Tim Denison DPhil

When treating neurological disorders, such as Parkinson’s disease, doctors have generally relied on drug discoveries, but this is often a costly and lengthy process. With the significant personal and societal costs incurred by such disorders there’s an imperative to invest in alternative approaches to treatment. 

Bioelectronics work directly with the body’s own nervous system to monitor brain signals and, as needed, tweak the electrical activity within nerves to alleviate symptoms of diseases. Despite clinical success in treating symptoms of diseases like Parkinson’s, existing bioelectronic systems have several limitations that arguably limit their adoption.
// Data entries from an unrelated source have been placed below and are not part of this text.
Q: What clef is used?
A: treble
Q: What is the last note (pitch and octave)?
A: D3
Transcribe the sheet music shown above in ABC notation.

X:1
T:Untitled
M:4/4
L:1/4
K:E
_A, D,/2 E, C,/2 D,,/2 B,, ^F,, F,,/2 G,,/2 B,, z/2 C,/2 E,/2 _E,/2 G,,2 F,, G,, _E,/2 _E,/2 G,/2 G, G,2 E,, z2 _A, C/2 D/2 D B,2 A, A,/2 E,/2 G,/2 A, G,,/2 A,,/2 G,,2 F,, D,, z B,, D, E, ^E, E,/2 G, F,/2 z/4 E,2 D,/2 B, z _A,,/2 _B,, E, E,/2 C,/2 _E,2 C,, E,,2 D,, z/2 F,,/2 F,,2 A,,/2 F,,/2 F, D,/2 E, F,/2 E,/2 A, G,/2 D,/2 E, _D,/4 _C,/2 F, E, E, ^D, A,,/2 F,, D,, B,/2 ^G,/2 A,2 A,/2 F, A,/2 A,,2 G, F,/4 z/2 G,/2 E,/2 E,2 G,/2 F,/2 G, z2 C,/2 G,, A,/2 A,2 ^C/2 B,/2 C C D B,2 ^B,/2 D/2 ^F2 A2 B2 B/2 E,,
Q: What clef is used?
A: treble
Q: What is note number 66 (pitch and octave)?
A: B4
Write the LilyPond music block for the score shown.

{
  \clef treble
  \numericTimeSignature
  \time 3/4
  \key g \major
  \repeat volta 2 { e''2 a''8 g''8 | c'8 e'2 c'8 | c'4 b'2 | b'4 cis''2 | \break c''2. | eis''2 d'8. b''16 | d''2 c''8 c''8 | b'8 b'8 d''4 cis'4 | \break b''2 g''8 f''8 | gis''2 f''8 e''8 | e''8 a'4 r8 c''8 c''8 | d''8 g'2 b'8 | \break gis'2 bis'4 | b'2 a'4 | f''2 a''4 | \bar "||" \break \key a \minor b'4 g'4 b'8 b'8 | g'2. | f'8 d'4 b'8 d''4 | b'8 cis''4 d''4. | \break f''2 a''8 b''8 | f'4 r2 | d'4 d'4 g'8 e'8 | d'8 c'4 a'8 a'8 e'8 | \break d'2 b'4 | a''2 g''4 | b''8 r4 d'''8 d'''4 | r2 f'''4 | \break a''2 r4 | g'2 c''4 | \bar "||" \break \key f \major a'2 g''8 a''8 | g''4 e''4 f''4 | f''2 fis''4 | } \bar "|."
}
For example, currently a skilled surgeon is required to implant the system in a patient, and the system’s output is inflexible in contrast to the rapidly changing and reactive activity of the nervous system.

The microelectronic basis and digital programmability of bioelectronic systems means that there is huge potential for flexibility in both research and future medical device design. Emerging technology offers the possibility of building restorative neural systems which are adaptable and programmable for various diseases, as well as specifically for individuals. The codes used to programme the systems can be modified as scientific understanding of the brain evolves, and also be used to rapidly respond to physiological fluctuations within the body. But to realize this potential, we first need a better understanding of how the brain functions and responds to bioelectronic interventions.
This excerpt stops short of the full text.